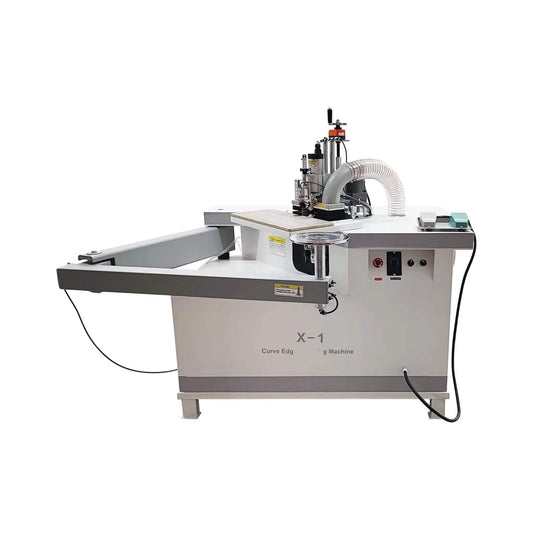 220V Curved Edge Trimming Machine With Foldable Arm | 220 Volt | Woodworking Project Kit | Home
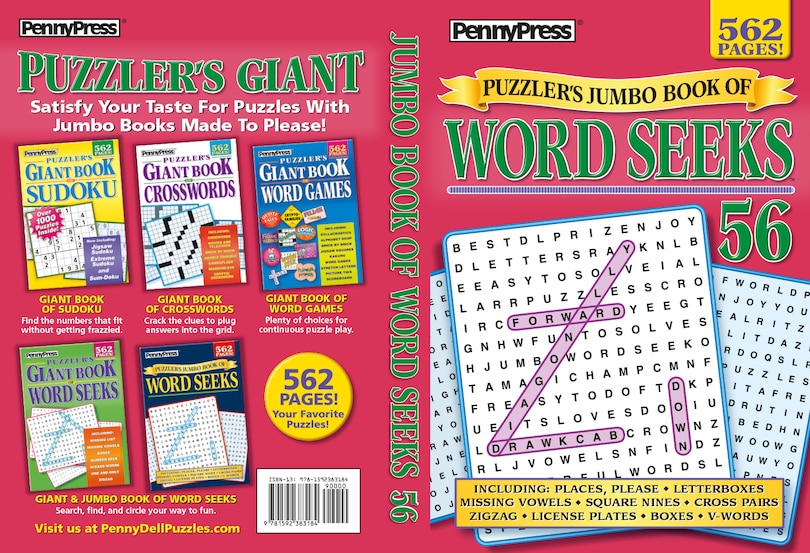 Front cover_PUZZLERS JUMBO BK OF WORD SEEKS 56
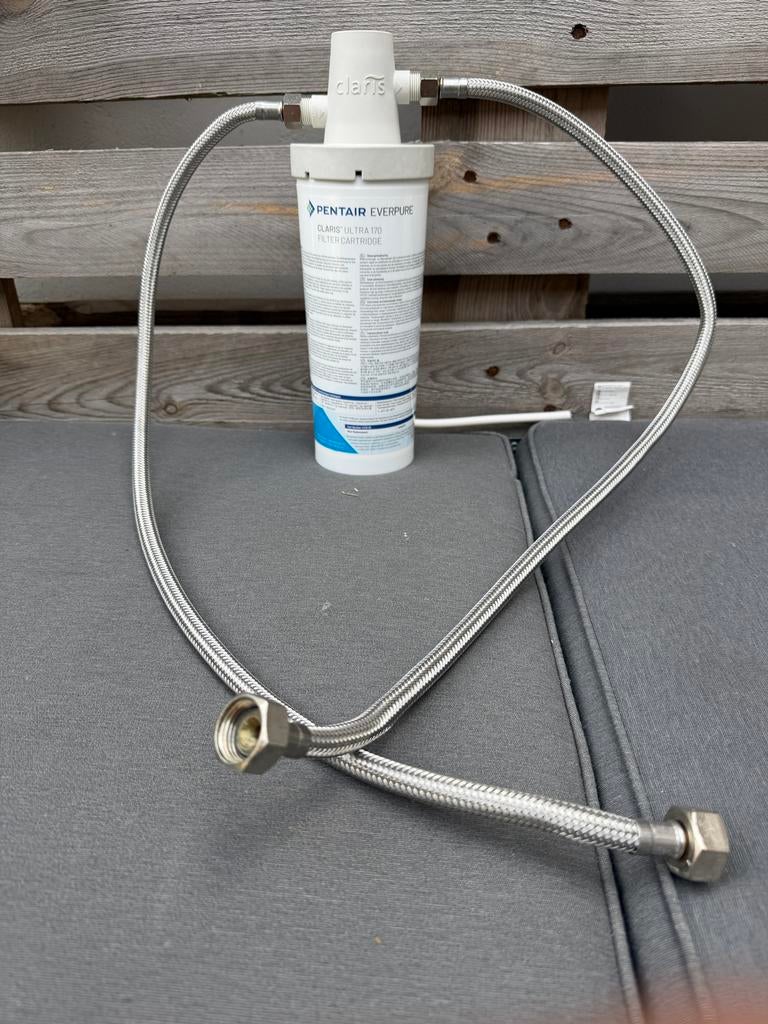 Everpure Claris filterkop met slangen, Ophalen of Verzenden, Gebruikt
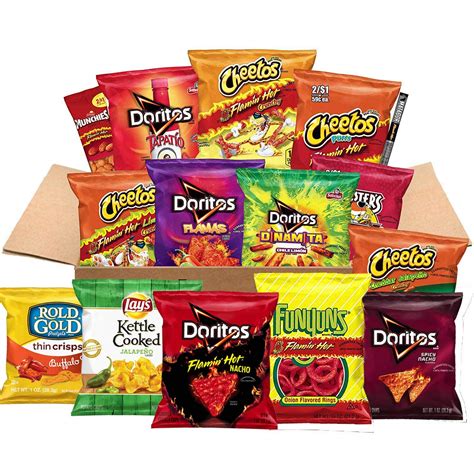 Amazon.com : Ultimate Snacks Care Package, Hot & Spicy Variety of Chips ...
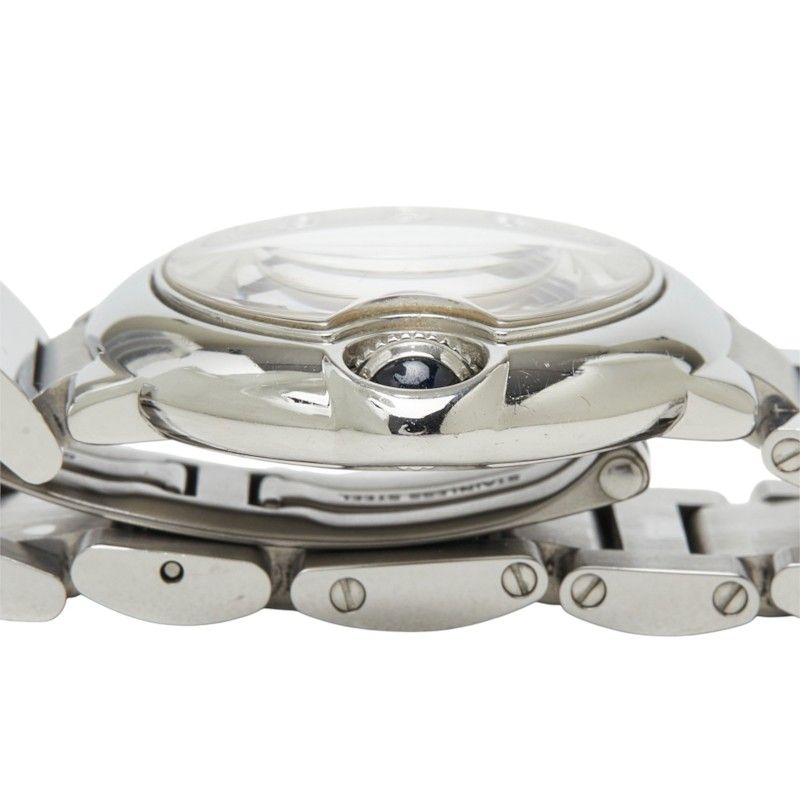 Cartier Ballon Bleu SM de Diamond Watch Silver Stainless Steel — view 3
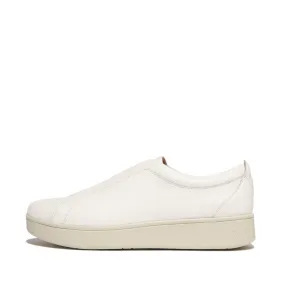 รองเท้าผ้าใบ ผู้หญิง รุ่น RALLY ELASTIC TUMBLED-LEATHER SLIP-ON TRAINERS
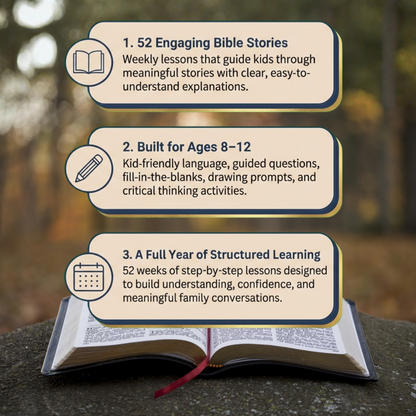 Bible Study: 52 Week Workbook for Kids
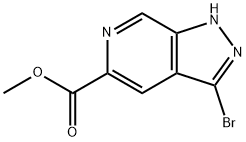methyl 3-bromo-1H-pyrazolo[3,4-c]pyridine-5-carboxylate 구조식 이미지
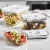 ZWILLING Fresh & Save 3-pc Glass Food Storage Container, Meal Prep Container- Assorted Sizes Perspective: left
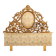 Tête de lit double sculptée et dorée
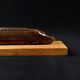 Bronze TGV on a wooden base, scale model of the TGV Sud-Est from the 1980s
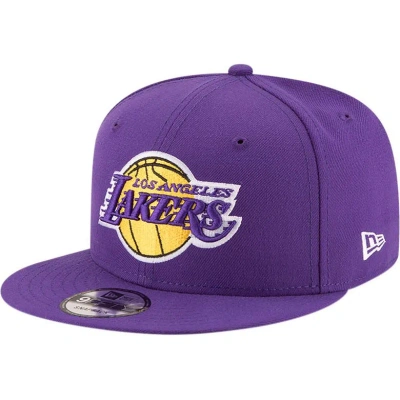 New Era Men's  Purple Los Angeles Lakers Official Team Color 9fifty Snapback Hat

==

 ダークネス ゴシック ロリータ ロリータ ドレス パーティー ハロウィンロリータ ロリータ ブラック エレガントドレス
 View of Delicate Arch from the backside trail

* * *

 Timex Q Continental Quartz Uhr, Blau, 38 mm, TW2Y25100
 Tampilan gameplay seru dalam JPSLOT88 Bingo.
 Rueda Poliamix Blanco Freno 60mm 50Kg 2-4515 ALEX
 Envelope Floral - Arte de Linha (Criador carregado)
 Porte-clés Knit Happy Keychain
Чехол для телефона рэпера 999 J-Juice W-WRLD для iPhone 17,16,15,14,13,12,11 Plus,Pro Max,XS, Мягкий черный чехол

● Exercise objective
Going by the data above, give back only the lines from the one containing "Front cover_PUZZLERS JUMBO" through the one containing "Bible Study: 52 Week Workbook for Kids", exactly as they stand, both ends included and no images.

● Exercise answer
 Front cover_PUZZLERS JUMBO BK OF WORD SEEKS 56
 Everpure Claris filterkop met slangen, Ophalen of Verzenden, Gebruikt
 Amazon.com : Ultimate Snacks Care Package, Hot & Spicy Variety of Chips ...
 Cartier Ballon Bleu SM de Diamond Watch Silver Stainless Steel — view 3
 รองเท้าผ้าใบ ผู้หญิง รุ่น RALLY ELASTIC TUMBLED-LEATHER SLIP-ON TRAINERS
 Bible Study: 52 Week Workbook for Kids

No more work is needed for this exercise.